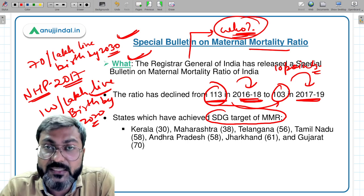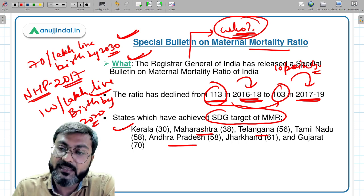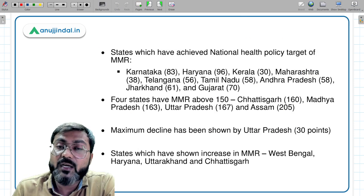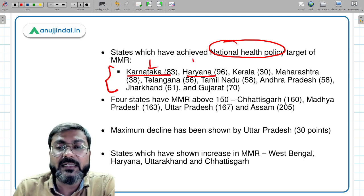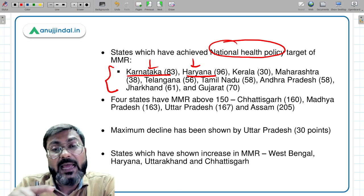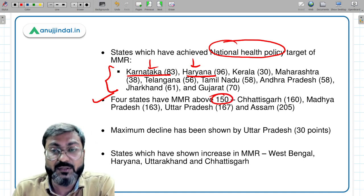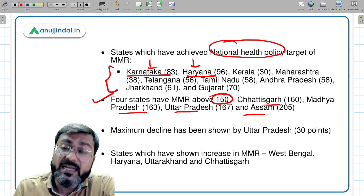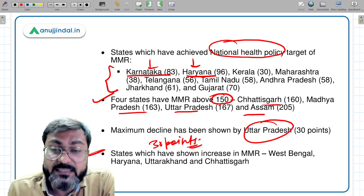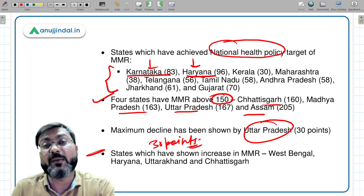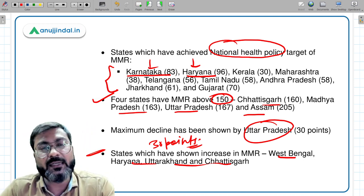The seven states that achieved the SDG target are Kerala, Maharashtra, Telangana, Tamil Nadu, Andhra Pradesh, Jharkhand, and Gujarat. Nine states have achieved the National Health Policy target. Four states have MMR above 150. Uttar Pradesh has shown the maximum decline of 30 points. Four states have shown an increase in MMR — West Bengal, Haryana, Uttarakhand, and Chhattisgarh.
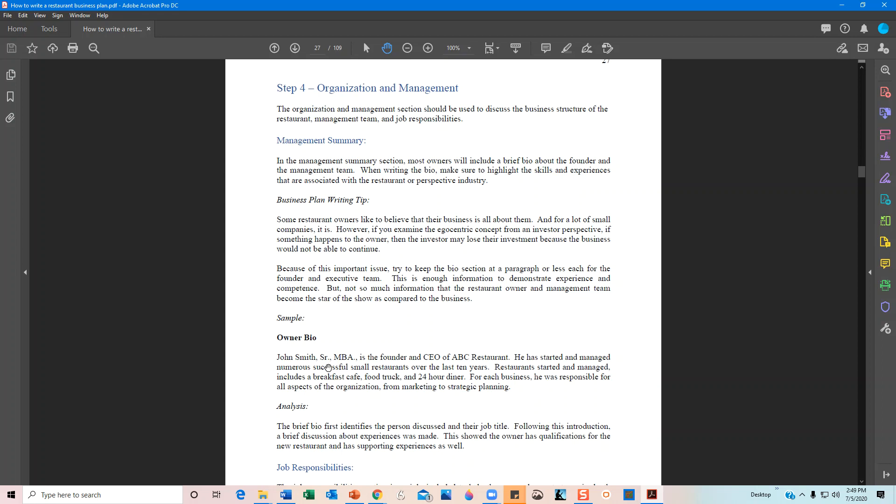When introducing the executive team, show their different experiences and always align the management summary with the restaurant. For example, if a manager has both construction and restaurant experience, keep the construction experience out and focus on the restaurant experience. That way you show alignment and relevant expertise. Construction experience might help during the build-out phase, which could be three months, but restaurant operations could span 20 years — so stick to restaurant-relevant experiences in your management summary and bios.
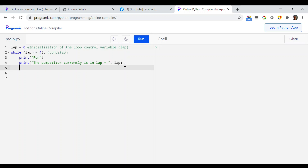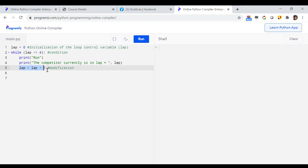Now I am almost at the end of the loop. Thinking of our track and field example, by the end of each track the competitor needs to increment the lap count. So I write `lap = lap + 1`. This is the modification part — just like the competitor, by the end of one iteration, incrementing the lap count by 1.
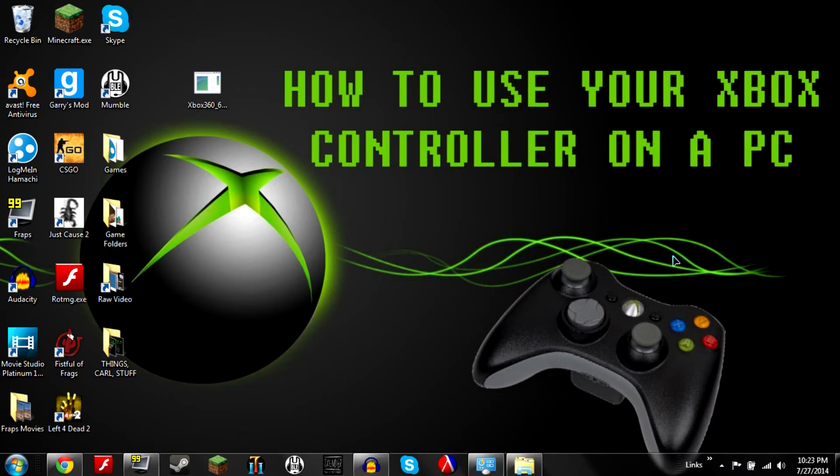Your controller should light up with the first player thing. If it doesn't light up first player then you've probably stuck it in the computer before. Just pull it out and plug it back in a bunch of times until you finally get it.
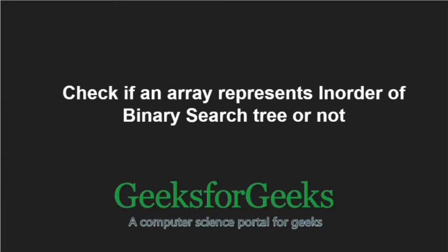Hello friends and welcome to another tutorial on GeeksforGeeks. In this video, we are going to understand the program which checks if an array represents inorder of a binary search tree or not.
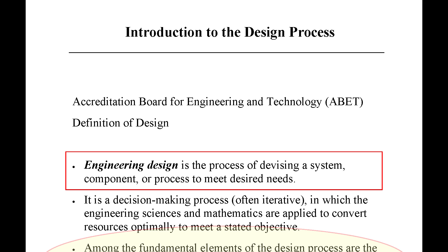When taking the department's computer-aided design course, you should have been exposed to the formal design process. This lecture is intended to review that process so that you can apply it to the design project in this class.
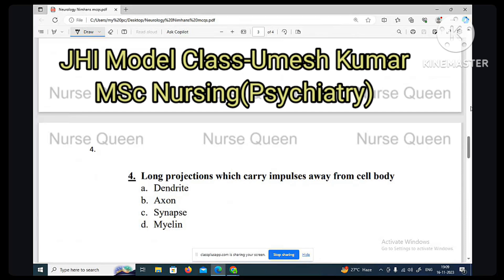Next question: long projections which carry impulses away from the cell body. Options are: dendrite, axon, synapse, myelin. So what is the long projection which carries impulses away from the cell body?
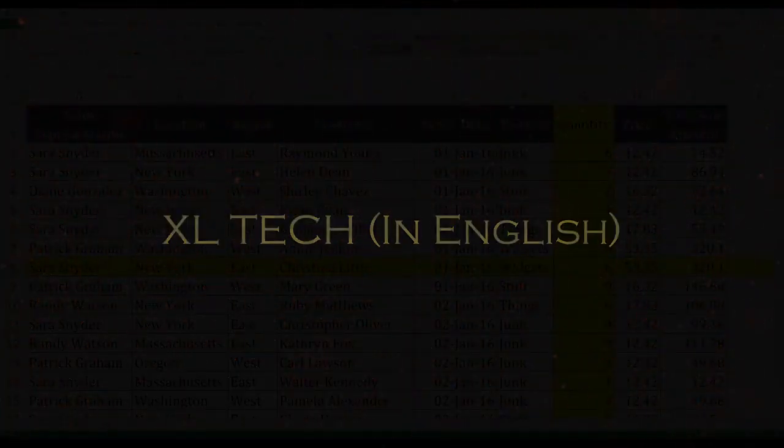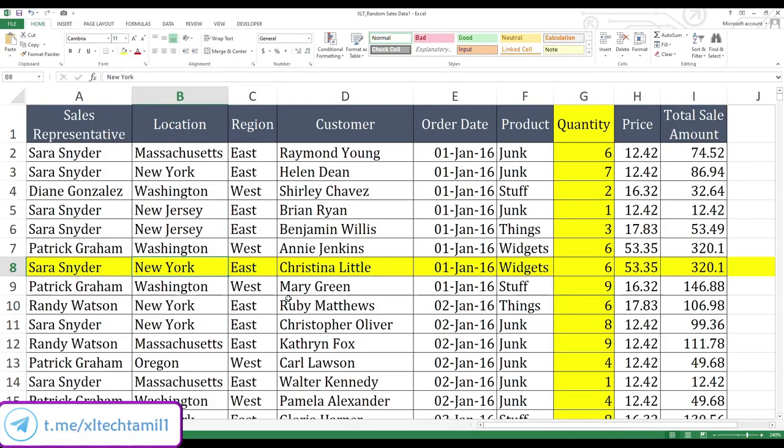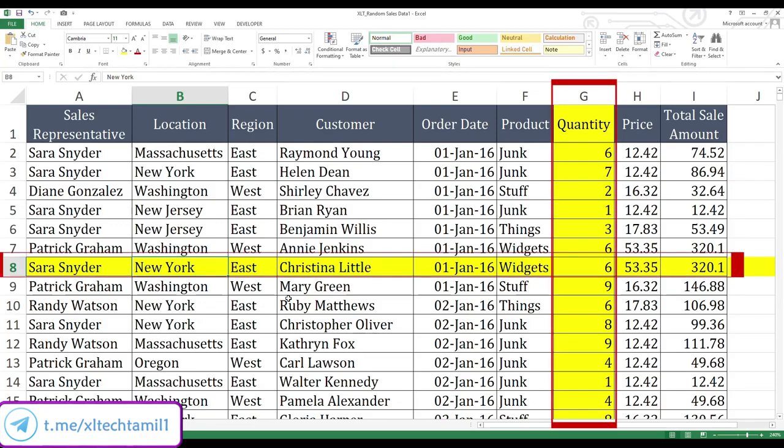Welcome back to Excel Tech. In this video, we are going to see how to delete unwanted rows and columns in Excel. We are going to delete highlighted rows and columns in this sheet.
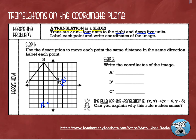Now I'm going to do point C: four to the right, down five. It's going to put it right here. There's my C with my apostrophe because that is the image of point C.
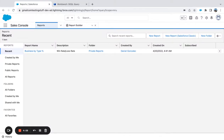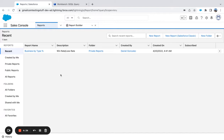Another use case for Workbench: in our last video, we wanted to clean up list views. We had a big org with a lot of people creating list views, and we couldn't see who was using what. It became a pain to figure out who's using which list view, and there's no way within the Salesforce UI to pull that information. So we went into Workbench.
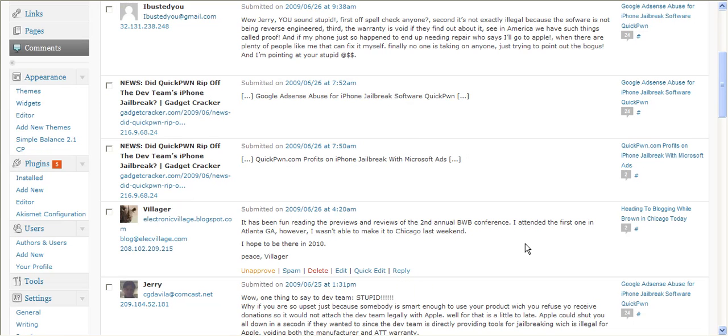So go ahead and get your blogs protected so you can spend time blogging and not scrolling through spam. Thanks.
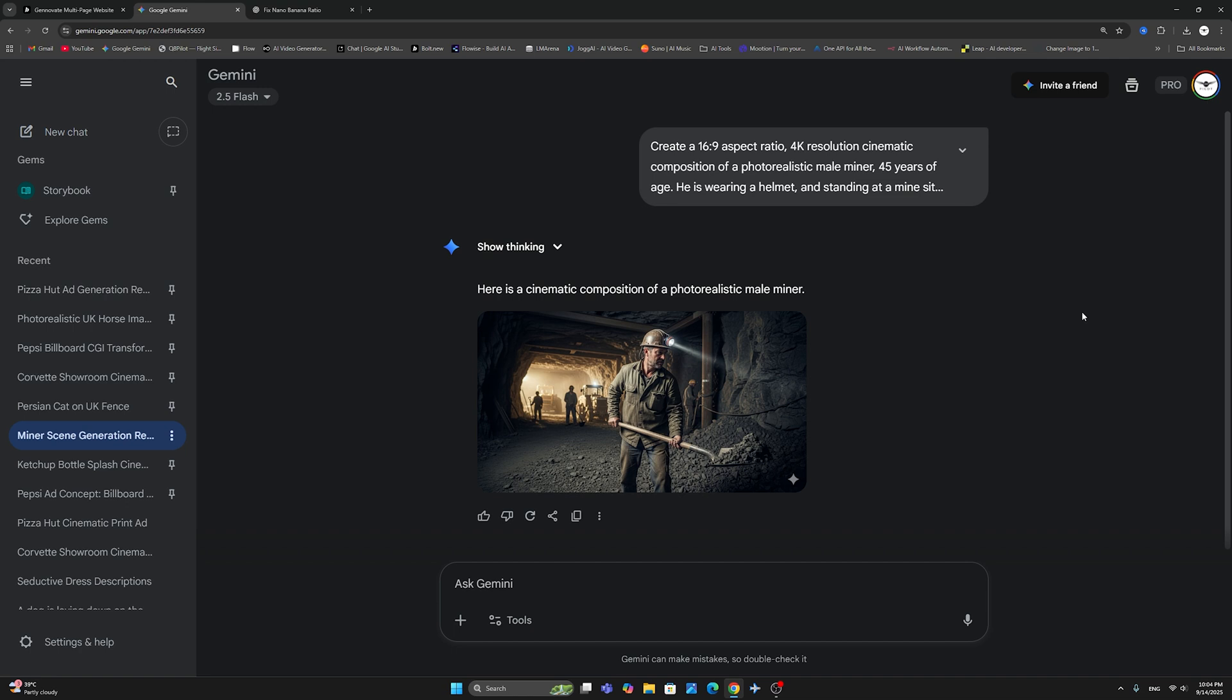And the fix is definitely not in those complicated tutorials that you've been seeing about creating a background image that is 16:9 aspect ratio. Definitely a solution that works, but takes a very long time. It actually is in the actual prompt, in the way that you prompt for a NanoBanana image.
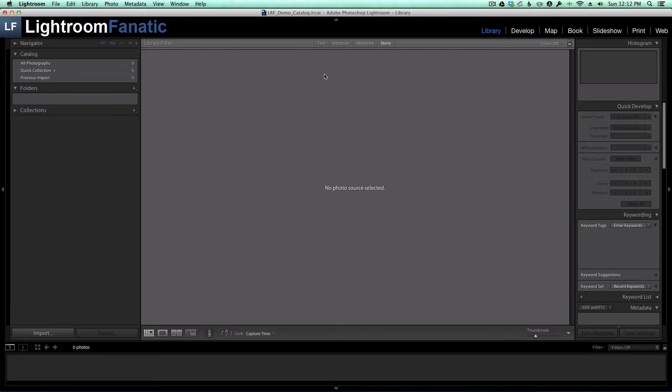But again, don't use it for your original images because you might lose the developed settings that you have in the catalog. Even if you use the XMP sidecar files, there's information that's in your catalog that's not in those XMP sidecar files, so you might lose information there as well.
====
Copy out the entries verbatim and leave the images out.

◆ WRITTEN REPLY
The seven states that achieved the SDG target are Kerala, Maharashtra, Telangana, Tamil Nadu, Andhra Pradesh, Jharkhand, and Gujarat. Nine states have achieved the National Health Policy target. Four states have MMR above 150. Uttar Pradesh has shown the maximum decline of 30 points. Four states have shown an increase in MMR — West Bengal, Haryana, Uttarakhand, and Chhattisgarh.
When introducing the executive team, show their different experiences and always align the management summary with the restaurant. For example, if a manager has both construction and restaurant experience, keep the construction experience out and focus on the restaurant experience. That way you show alignment and relevant expertise. Construction experience might help during the build-out phase, which could be three months, but restaurant operations could span 20 years — so stick to restaurant-relevant experiences in your management summary and bios.
Now I am almost at the end of the loop. Thinking of our track and field example, by the end of each track the competitor needs to increment the lap count. So I write `lap = lap + 1`. This is the modification part — just like the competitor, by the end of one iteration, incrementing the lap count by 1.
Your controller should light up with the first player thing. If it doesn't light up first player then you've probably stuck it in the computer before. Just pull it out and plug it back in a bunch of times until you finally get it.
Hello friends and welcome to another tutorial on GeeksforGeeks. In this video, we are going to understand the program which checks if an array represents inorder of a binary search tree or not.
When taking the department's computer-aided design course, you should have been exposed to the formal design process. This lecture is intended to review that process so that you can apply it to the design project in this class.
Next question: long projections which carry impulses away from the cell body. Options are: dendrite, axon, synapse, myelin. So what is the long projection which carries impulses away from the cell body?
Welcome back to Excel Tech. In this video, we are going to see how to delete unwanted rows and columns in Excel. We are going to delete highlighted rows and columns in this sheet.
Now I'm going to do point C: four to the right, down five. It's going to put it right here. There's my C with my apostrophe because that is the image of point C.
Another use case for Workbench: in our last video, we wanted to clean up list views. We had a big org with a lot of people creating list views, and we couldn't see who was using what. It became a pain to figure out who's using which list view, and there's no way within the Salesforce UI to pull that information. So we went into Workbench.
So go ahead and get your blogs protected so you can spend time blogging and not scrolling through spam. Thanks.
And the fix is definitely not in those complicated tutorials that you've been seeing about creating a background image that is 16:9 aspect ratio. Definitely a solution that works, but takes a very long time. It actually is in the actual prompt, in the way that you prompt for a NanoBanana image.
But again, don't use it for your original images because you might lose the developed settings that you have in the catalog. Even if you use the XMP sidecar files, there's information that's in your catalog that's not in those XMP sidecar files, so you might lose information there as well.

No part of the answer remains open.